Wherever a picture appears, skip it and retype the rest of the data exactly.

● Source material
----------

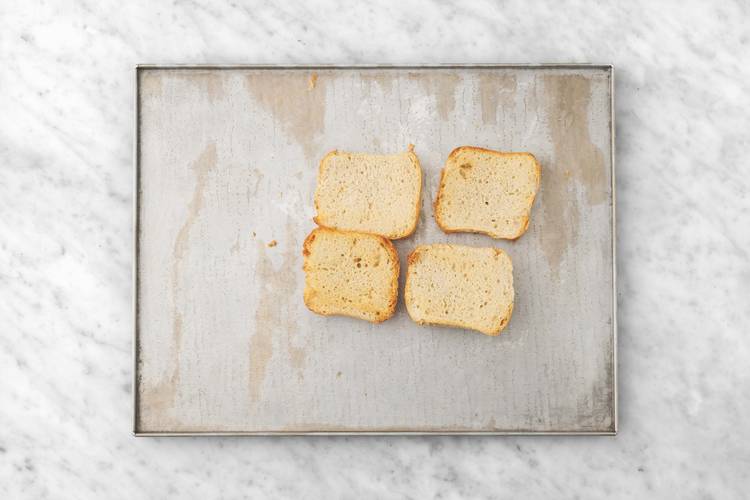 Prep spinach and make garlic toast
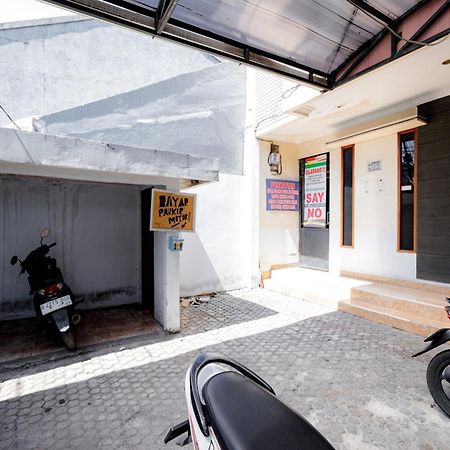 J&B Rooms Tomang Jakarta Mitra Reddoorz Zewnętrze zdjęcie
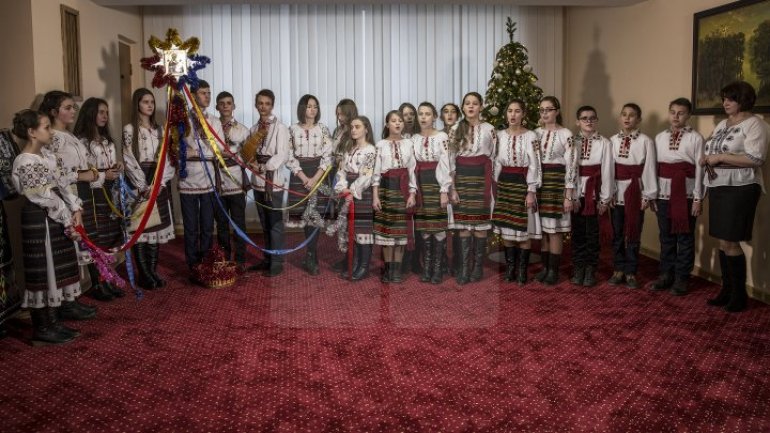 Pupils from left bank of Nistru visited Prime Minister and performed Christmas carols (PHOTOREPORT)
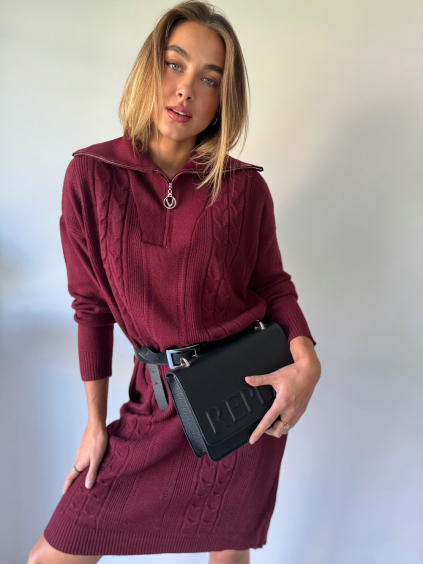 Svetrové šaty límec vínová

----------

● Output for this exercise
 Prep spinach and make garlic toast
 J&B Rooms Tomang Jakarta Mitra Reddoorz Zewnętrze zdjęcie
 Pupils from left bank of Nistru visited Prime Minister and performed Christmas carols (PHOTOREPORT)
 Svetrové šaty límec vínová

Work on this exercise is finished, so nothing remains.